Life is, or should be, a struggle: Comfort should make us uncomfortable; contentment should make us discontented” –George Sheehan

A few months back, Jenny and I had a conversation about how we are raising our kids. We were direct and honest about our strengths and weaknesses, so the conversation was pretty raw. Jenny and I rarely argue, but when we talked about parenting, I was on the edge of my chair because I felt like the conversation could break down at any moment. When you talk about how you parent, you really get to the heart of who you are, and it is personal. Criticize the way I parent, and you criticize who I am as a person.

The conversation felt scary, and I have to admit I would have been happy to skip it. I didn’t like the way I felt when I really looked honestly at what I do as a parent. Yet, the conversation was important. I learned some things about myself that I needed to learn, and Jenny and I are more together about parenting now thanks to our talk. Something else I learned is that I had to feel uncomfortable if I was going to learn. I wouldn’t have changed a thing if I hadn’t talked truthfully about my own current reality.
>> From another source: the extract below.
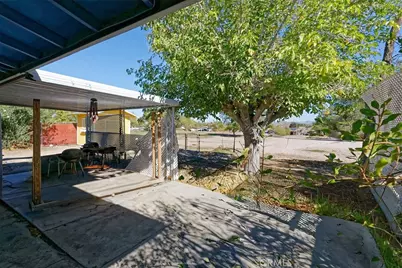 14035 Wimbleton Drive, Victorville, CA 92395 - Photo 20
I’ve been thinking a lot about that conversation since then, and I wonder how much my experience applies to professional learning in schools. Teaching, of course, is almost as personal as parenting. As Parker Palmer wrote in The Courage to Teach, “teaching is a daily act in vulnerability… The things I teach are things I care about, and what I care about helps define my selfhood.” And because teaching “defines my selfhood,” I sometimes avoid the uncomfortable conversations even though the uncomfortable conversations are probably most important.
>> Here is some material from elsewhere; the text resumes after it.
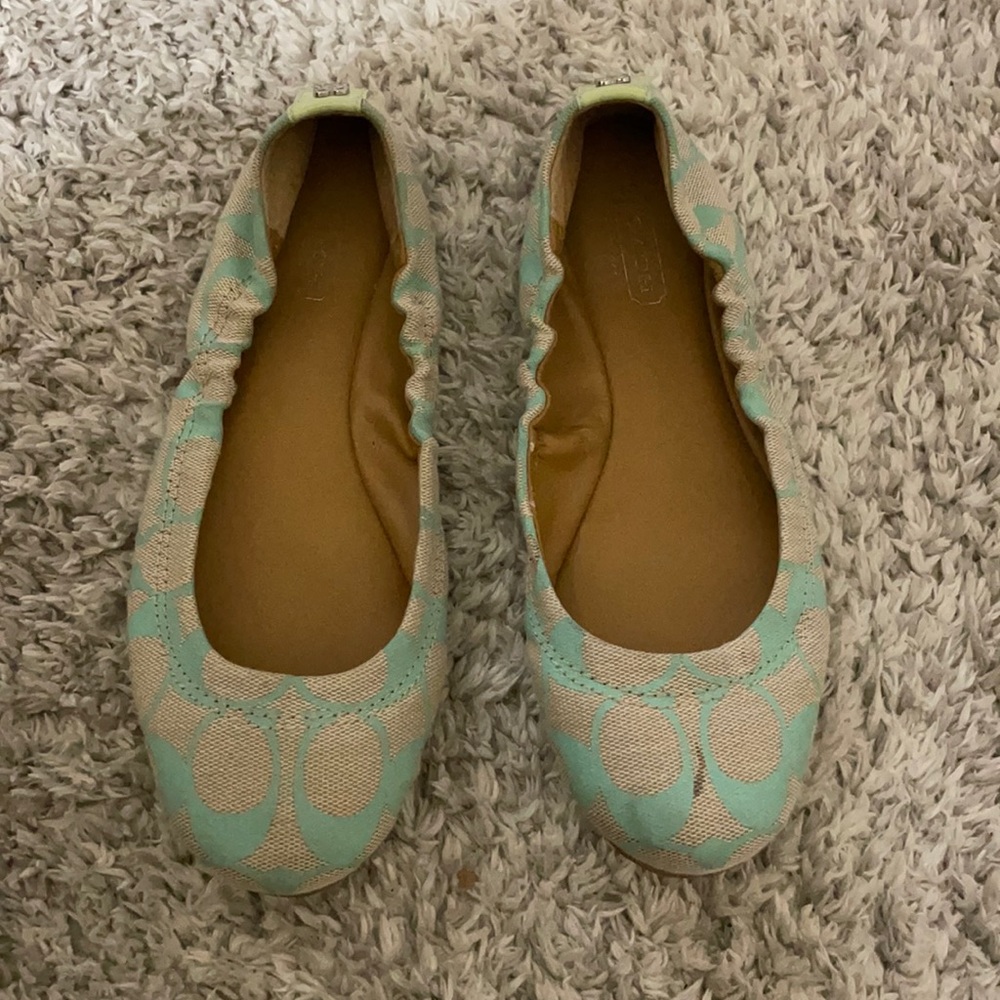 Coach flat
This doesn’t mean that principals and coaches should make it their goal to always make others uncomfortable by boldly saying whatever is on their mind. If Jenny had just listed all the things I need to fix, I wouldn’t have learned anything about parenting. I would have just been mad and not listened at all. What counts is that we build real trust with others so that the uncomfortable conversations can happen naturally.

Building trust is hard work, but without trust, we never get down to talking about what really matters. And talking about what really matters is what will help our students.